Data excerpt.
——————

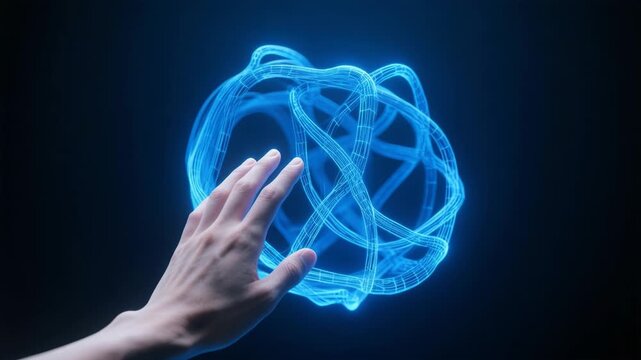 Hand Reaching Out to Touch Glowing Holographic Digital Network, Symbolizing Technology and Innovation in Futuristic Atmosphere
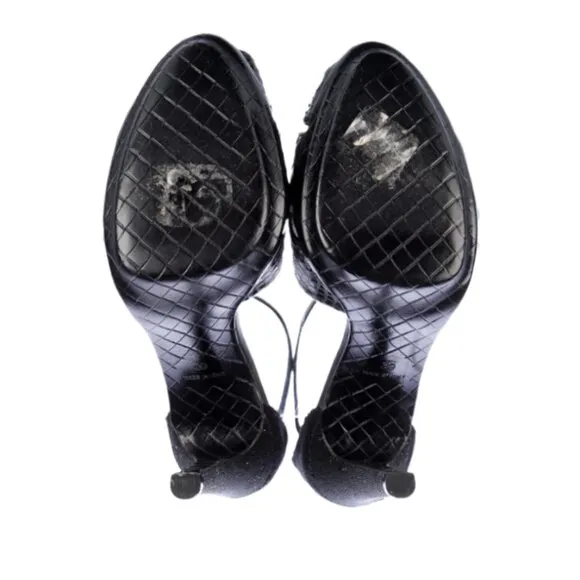 Bottega Veneta Snakeskin Sandals Womens 9 Black Leather Intrecciato Weave Pumps
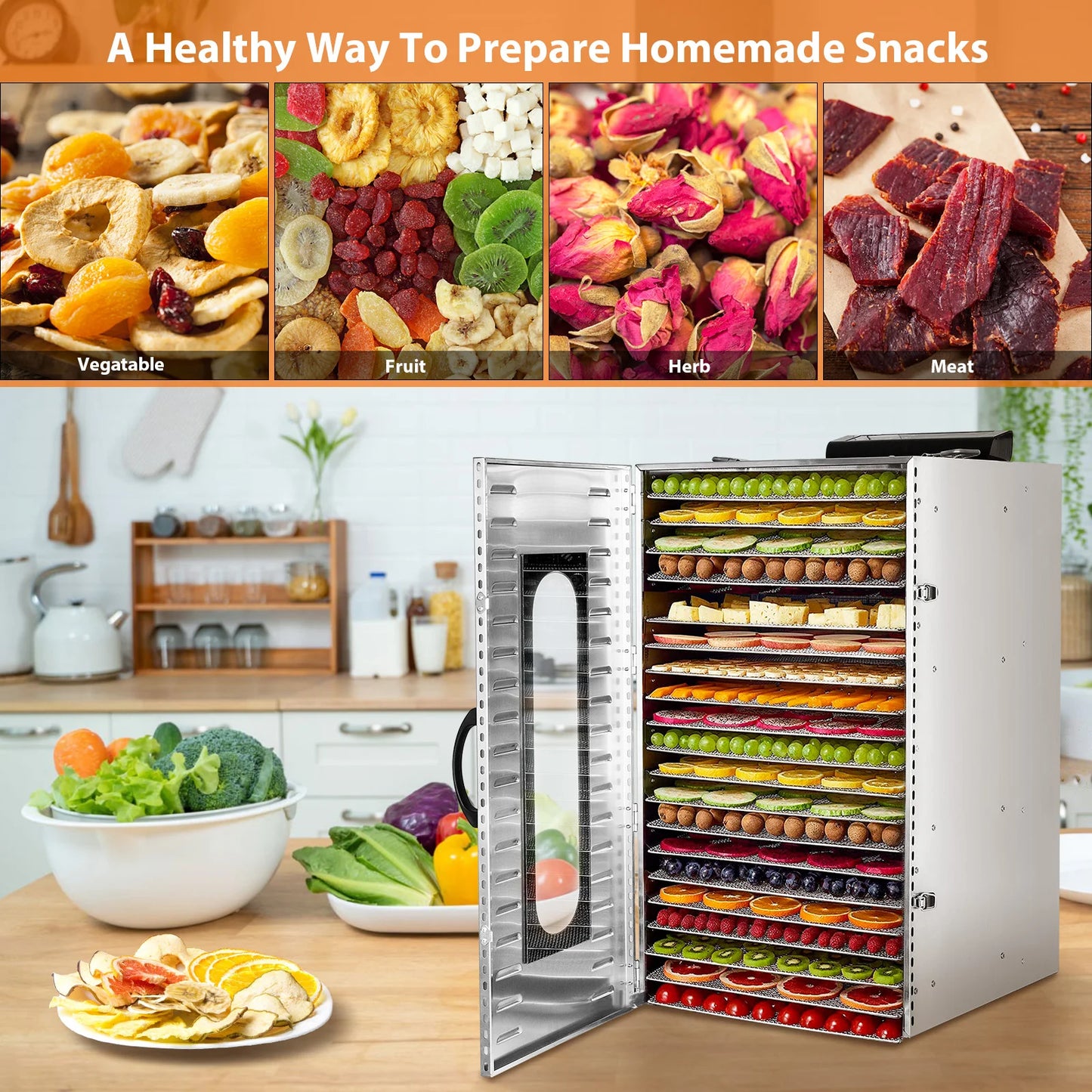 Commercial Food Dehydrator 20 Trays 1500W - Stainless Steel | StriveRiseFit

——————

What you need to do. Once the pictures are set aside, what is needed is the lines from the line with "Bottega Veneta Snakeskin" through the end of the data, written out exactly and alone.

Solution.
 Bottega Veneta Snakeskin Sandals Womens 9 Black Leather Intrecciato Weave Pumps
 Commercial Food Dehydrator 20 Trays 1500W - Stainless Steel | StriveRiseFit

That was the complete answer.